Le ministère de l’Intérieur est, avec celui de la Défense nationale, le seul département dont le budget a été voté à l’unanimité, c’est-à-dire sans la moindre abstention ou vote contre. Ce vote, qui se voulait un message aux terroristes, ne veut pas dire que les députés de l’Assemblée des représentants du peuple ne trouvent rien à redire sur la situation de ces deux ministères et en particulier de l’Intérieur et des Collectivités locales.
Lors de la discussion du budget de ce ministère, un député, Imed Khemiri, du Mouvement Ennahdha, a mis sur la table et posé au ministre de l’Intérieur, Najem Gharsalli, une question importante, en l’occurrence celle de la mise en œuvre du contrôle parlementaire des institutions sécuritaires «qui sont connues pour être fermées sur elles-mêmes et doivent s’ouvrir aux commissions (de l’ARP) chargées de ce dossier».
Bizarrement, cette question ayant trait au contrôle démocratique du ministère de l’Intérieur –et de celui de la Défense nationale également- est l’une des rares auxquelles M. Gharsalli n’a pas voulu répondre ou eu le temps de le faire.

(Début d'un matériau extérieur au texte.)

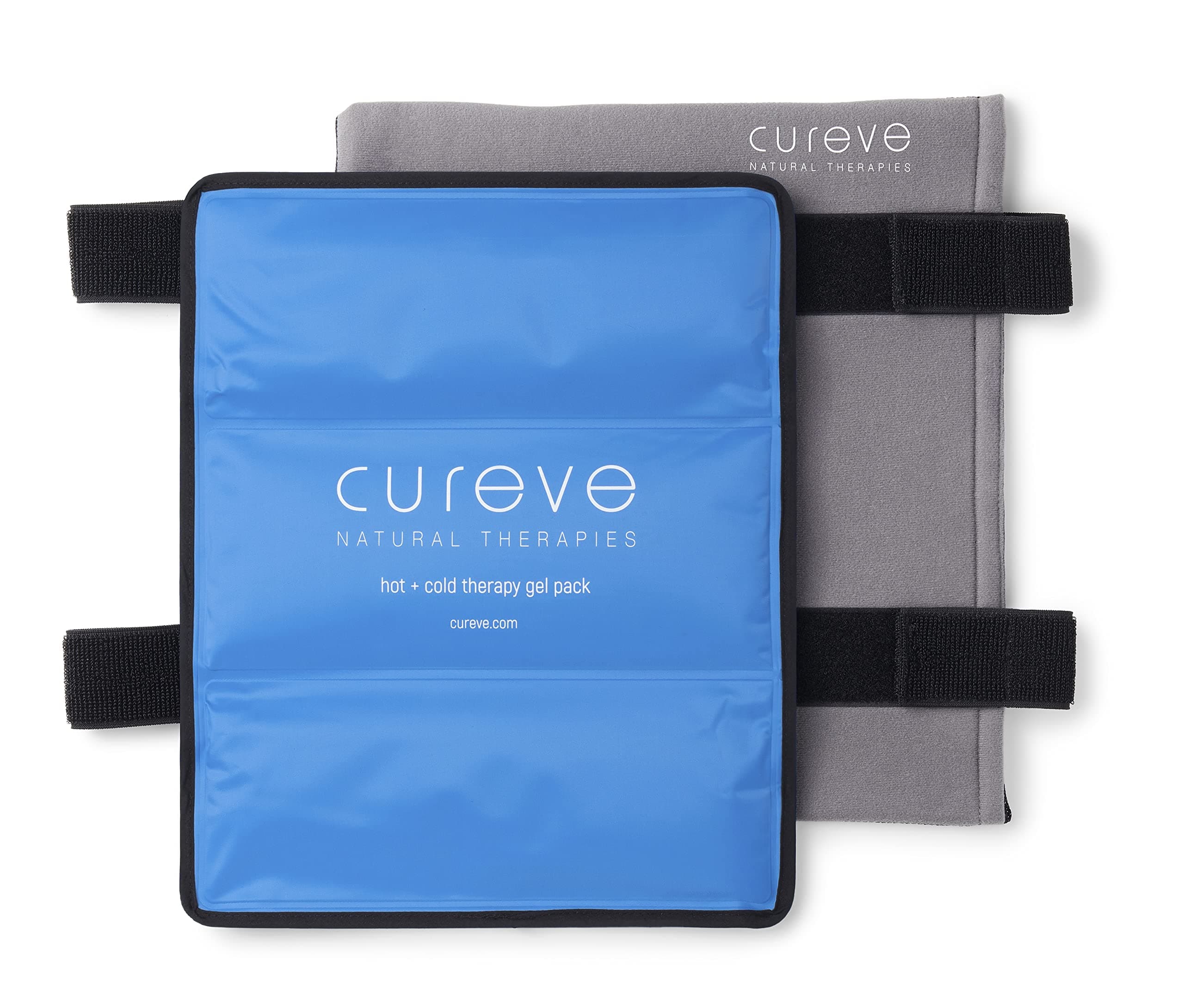 Large Hot and Cold Therapy Gel Ice Pack with Wrap by Cureve (12" x 15") - Reusable to Treat Injuries, Aches and Pains on Hip, Knee, Side, Back and Shoulder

Pourtant, il s’agit là d’un axe essentiel de la réforme de l’appareil sécuritaire que la Tunisie essaie de mettre en œuvre depuis 2011 en collaboration avec le Programme des Nations unies pour le développement (PNUD) et le Centre de Genève pour le contrôle démocratique des forces armées (DCAF) qui, pour cela, a ouvert une antenne en Tunisie après le 14 janvier 2011.
Et ce n’est certainement pas un hasard si ces deux organismes multilatéraux ont fait de l’instauration du contrôle démocratique des forces armées en Tunisie le principal axe de leur programme en 2015 afin de préparer l’environnement propice à ce changement radical dans les relations des deux parmi les ministères les plus importants avec les autres institutions de l’Etat en général et la société tunisienne.
L’un des principaux défis et obstacles à l’exercice du contrôle démocratique par les parlementaires étant l’ignorance par ces derniers des spécificités des secteurs de la défense et de l’intérieur et des exigences du rôle qu’ils veulent jouer, DCAF a organisé durant l’année en cours plusieurs ateliers et tables rondes pour combler ce vide.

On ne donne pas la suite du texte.